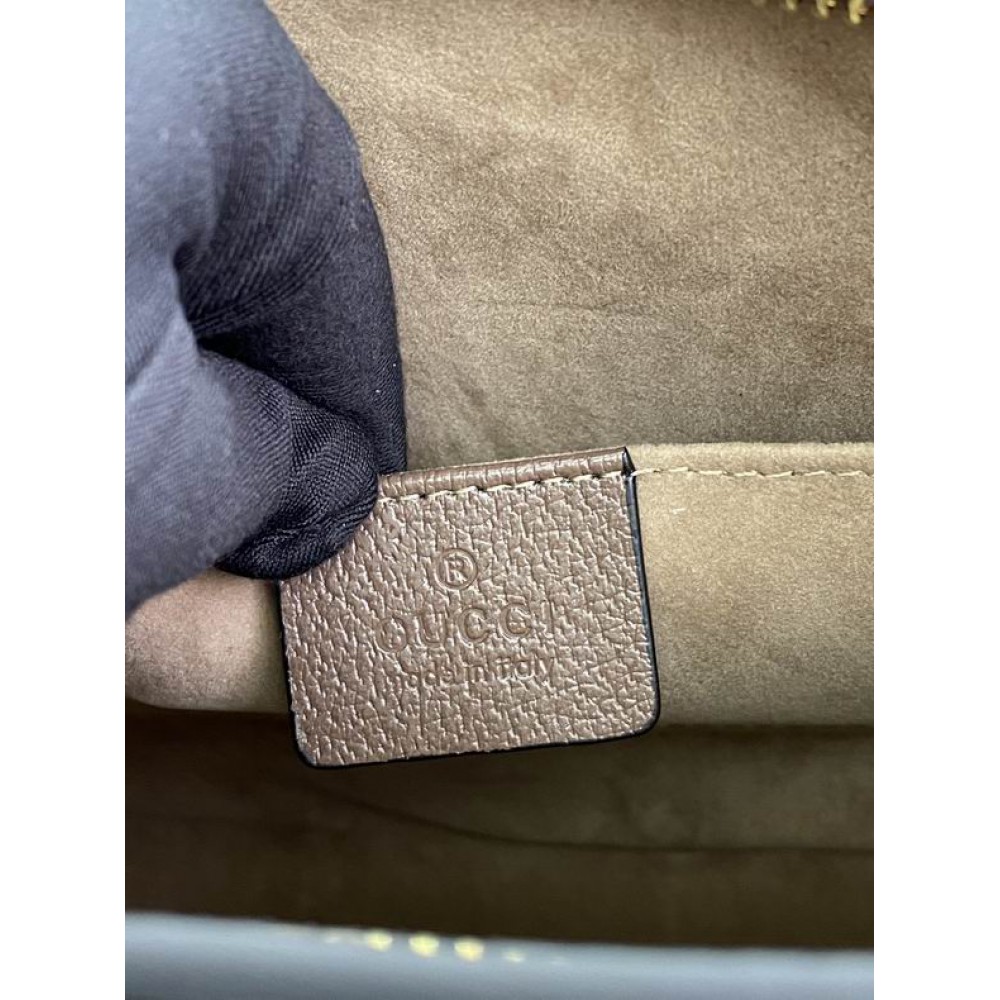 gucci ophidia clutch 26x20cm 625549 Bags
# # #
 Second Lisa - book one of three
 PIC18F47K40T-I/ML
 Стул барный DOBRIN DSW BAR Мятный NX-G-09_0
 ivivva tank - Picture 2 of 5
# # #
[Requirement]
The required output is the stretch of entries above from the line containing "Стул барный DOBRIN DSW BAR Мятный NX-G-09_0" through the line containing "ivivva tank - Picture 2 of 5", reproduced exactly.

[Solved problem]
 Стул барный DOBRIN DSW BAR Мятный NX-G-09_0
 ivivva tank - Picture 2 of 5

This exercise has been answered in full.